23 June 2006

Who is a Wealthy Person?

The idea for this posting has been laying around for a few months now, so I figured I'd get it off of my head.
Many Jews are aware of Ben Zoma's famous statement (mAvos 4.1) that describes admirable traits of people, going through wisdom, strength, wealth, and honor and taking them out of their normal social context and putting them into a religious framework, citing Scriptural proofs for each of them. The one upon which I am focusing here is his on wealthiness:
איזהו עשיר? השמח בחלקו, שנאמר "יגיע כפיך כי תאכל אשריך וטוב לך." 'אשריך' בעולם הזה, 'וטוב לך' לעולם הבא
Who is it that is wealthy? One who rejoices in his portion, as it is said (Ps. 128.2), "When you will eat of the labor of your hands, you shall be happy and it will be good with you." 'you shall be happy' - in this world; 'and it will be good with you' - for the world to come.
One further interesting thing that Ben Zoma does is to notice the seeming redundancy with the latter part of the statement and bifurcate the timing of the goodness.

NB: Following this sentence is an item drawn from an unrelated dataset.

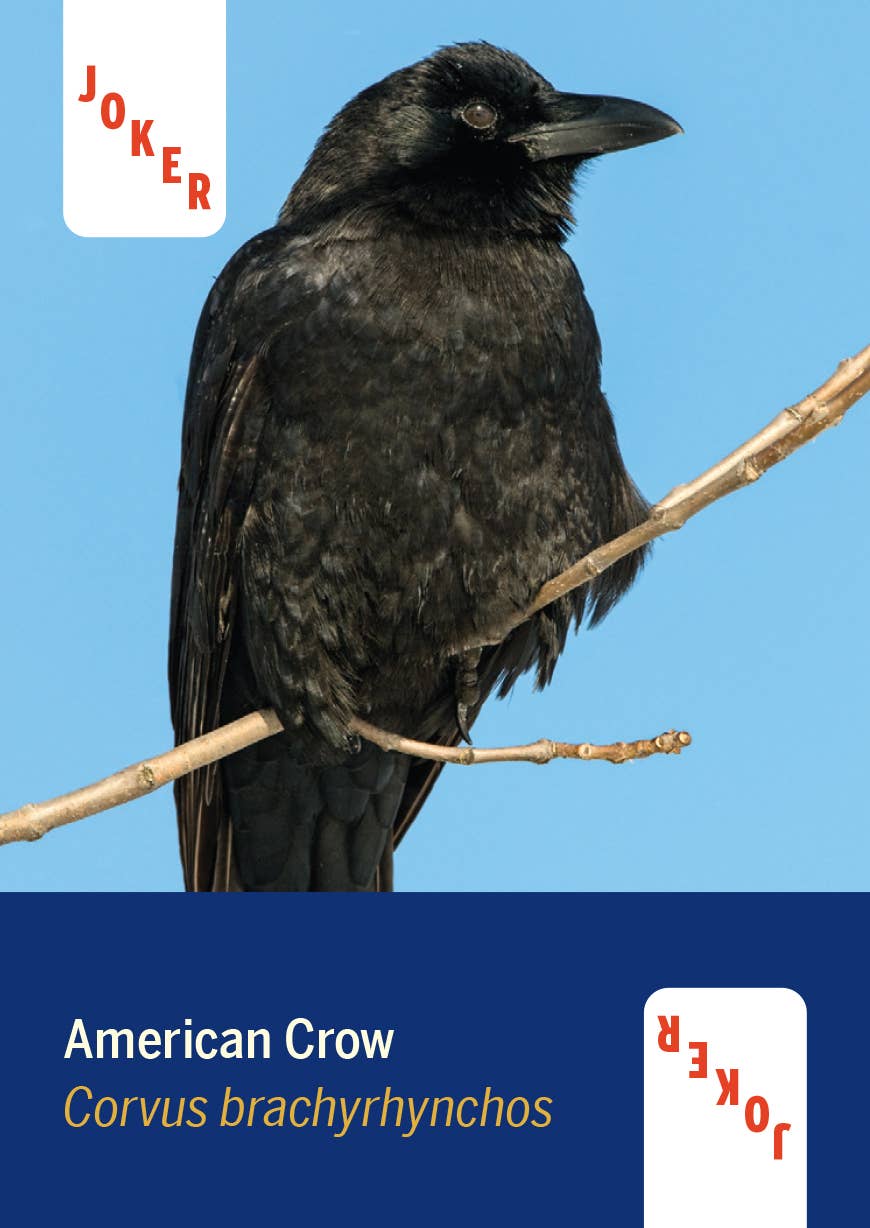 Birds of North America Card Deck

Anyways, that's fairly well known. But when I came across a beraisa on Shabbas 25b, I learned of other tannaitic perspectives:
איזה עשיר?
כל שיש לו נחת רוח בעשרו דברי רבי מאיר
רבי טרפון אומר כל שיש לו ק' כרמים ומאה שדות וק' עבדים שעובדין בהן
רבי עקיבא אומר כל שיש לו אשה נאה במעשים
רבי יוסי אומר כל שיש לו בית הכסא סמוך לשולחנו
Who is a wealthy person?
"Anybody who has pleasure (or comfort) in his wealth," the words of Rabbi Meir.

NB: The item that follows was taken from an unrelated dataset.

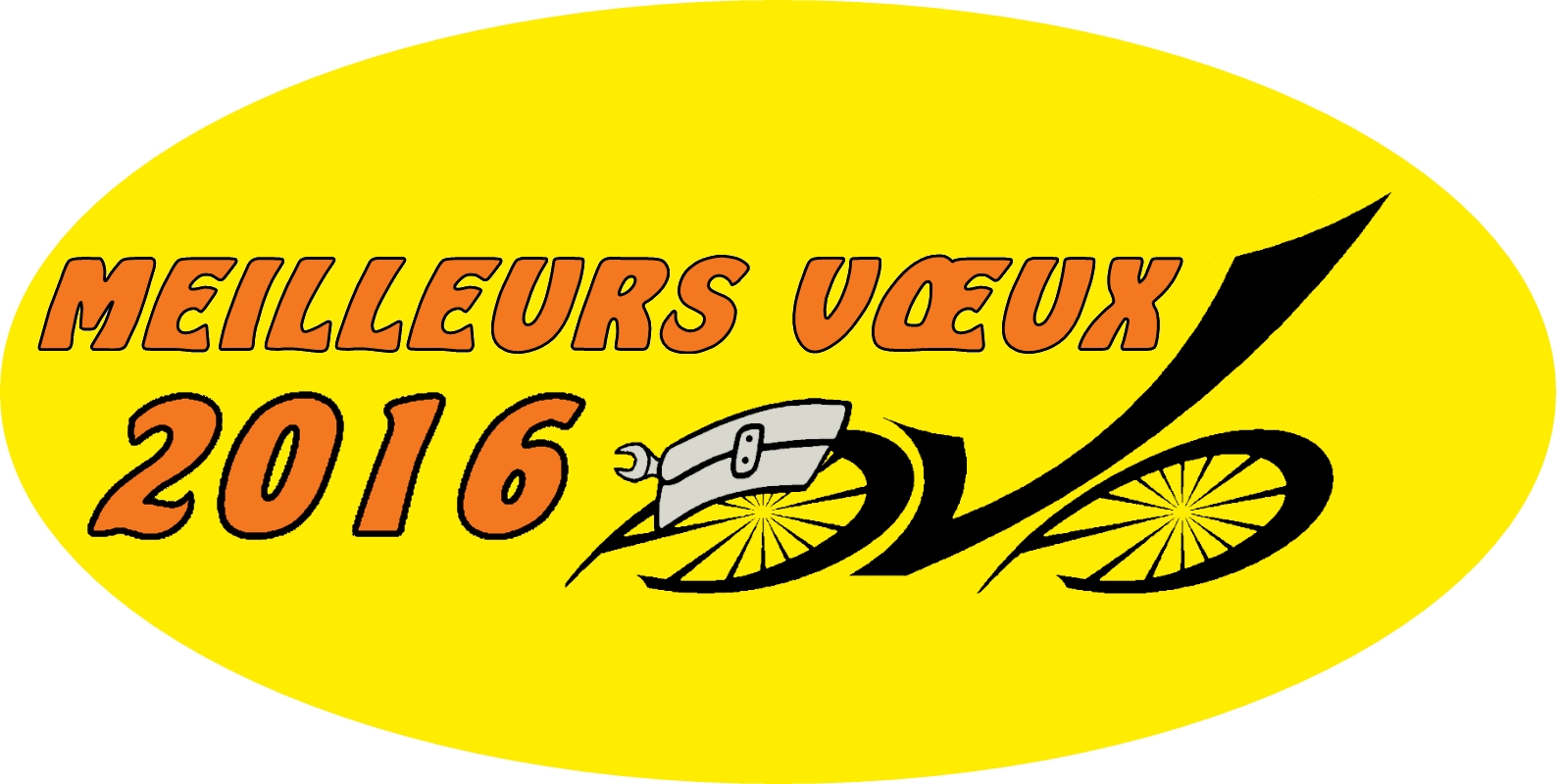 Bonne année 2016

Rabbi Tarfon says, "Anybody who has 100 vineyards, 100 fields, and 100 servants who are working in them."
Rabbi Akiva says, "Anybody who has a wife pleasant in actions."
Rabbi Yose says, "Anybody who has a bathroom (or a privy) close to his [eating] table."
To me the only one that sticks out in this text is Rabbi Akiva's statement, as the other three are all clearly indicative of wealth. Perhaps a woman of fine actions is found in the upper levels of society and one must be wealthy enough to be with the in-crowd. Otherwise, it sticks out, which probably is so.
In my estimation (no, I haven't done research on this topic, though I'm sure it's something about which people have written already - who knows? maybe Prof. Tirosh-Samuelson wrote about it in her book on Jewish happiness), Ben Zoma wasn't arguing with the other sages in going about estimating wealth, but rather showing a different angle to it. Yes, there are practical considerations to determining one who is wealthy, but there is also a more democratic and personal lesson to everybody: Even if someone isn't wise, strong, wealthy, or honored as society may have it, one may still be so in the light of Scripture. (Who knows? Maybe I will expand upon this one day in a derasha.)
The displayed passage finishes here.